2/04/2013
峯岸みなみと握手会
今回の峯岸みなみの「騒動」をAKB48グループの恋愛禁止のルールの問題だという論説があるが、これは明確に間違っている。これは握手会とセットで考えるべき問題である。
世間的にはあまり評判のよくない握手会だが、少なくともAKB48グループのCDの売り上げや人気の下支えが握手会によるものであることは厳然とした事実である。これは単純にいうと、CDを買うとそれに握手券が付いていてそれを持って握手会の会場に行けば目当てのメンバーと握手ができるというものである。詳細には全国握手会と個別握手会があり、それぞれルールが異なるのだが、大雑把に言えばCDを買えば握手ができるという仕組みだ。全国握手会では1枚で一瞬、個別握手会では数秒程度の握手ができるというのが暗黙のルールとなっている。長い時間握手したり、複数のメンバーと何回も握手をしたければ握手券目当てでCDを大量に購入する必要がある。こうしたファンの大量購入によりAKB48のミリオンセラーが達成されている。ファンは金を払ってアイドルとの接触の時間を購入していると言い換えても同じことだ。
さて、ここで恋愛である。言うまでもなく性的交渉があろうとなかろうと恋愛となれば特定の異性と長時間一緒に過ごし、身体的接触もあるのがふつうだ。
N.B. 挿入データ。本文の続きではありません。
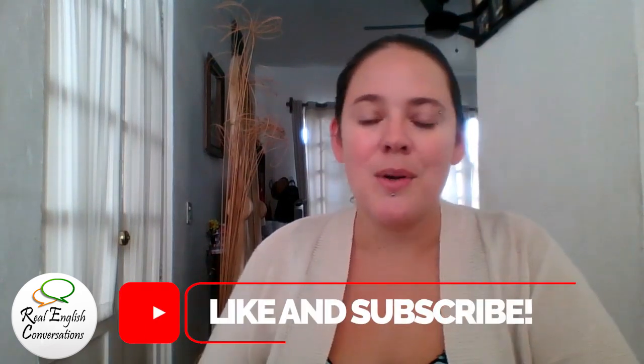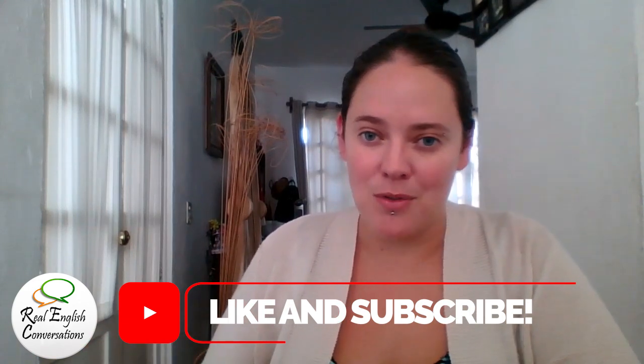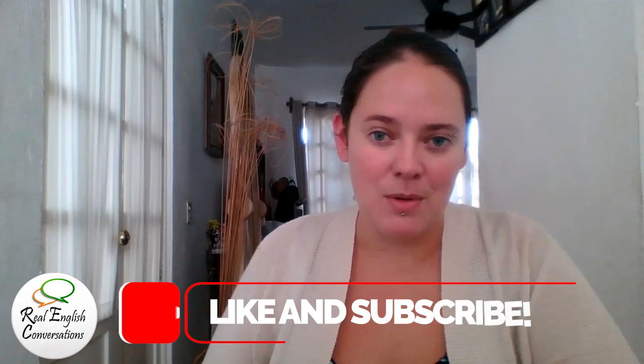If you still need more practice trying to say this word, listen to the video again and keep trying until you have it perfect. If you like this tip and you want to learn more ways to improve your speaking and listening skills to get to real fluency, come to our website at realenglishconversations.com. Also be sure to like this video, share it, or subscribe so that you keep getting notifications about when we release a new video.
ファンは千数百円のCDと引き換えにわずか数秒の接触しか許されないのに恋愛対象の異性は無条件で接触し放題というのはファンの心理からすれば納得いかないだろう。金を払って握手をする者は激減するだろう。つまり、CDの売り上げは適正なものとなるだろう。これはAKB48グループにとって致命的な問題だ。だからこそ運営側が恋愛禁止というルールを設けていることは間違いない。この握手会が単なるイベントで基本的に無料であったり、そもそも握手会をしなければ、恋愛それ自体は依然としてスキャンダルではあってもこれほど大きな問題となることはなかった。2月1日に公開された映画「DOCUMENTARY OF AKB48 NO FLOWER WITHOUT RAIN 少女たちは涙の後に何を見る?」で、高橋みなみが「(恋愛禁止のルールを破れば)辞めなきゃならないでしょうねえ」と語っていたのはもちろんそういう状況を理解した上での発言である。旧来の疑似恋愛的な感情を裏切ったという心理的な側面がないわけではないが、AKB48グループが握手会商法を行っている以上、それは疑似恋愛といった感情のレベルではなく、即物的に接触の時間=金銭を(ファンから見れば)不当に取得・簒奪している者がいるという金銭的・物理的な問題なのである。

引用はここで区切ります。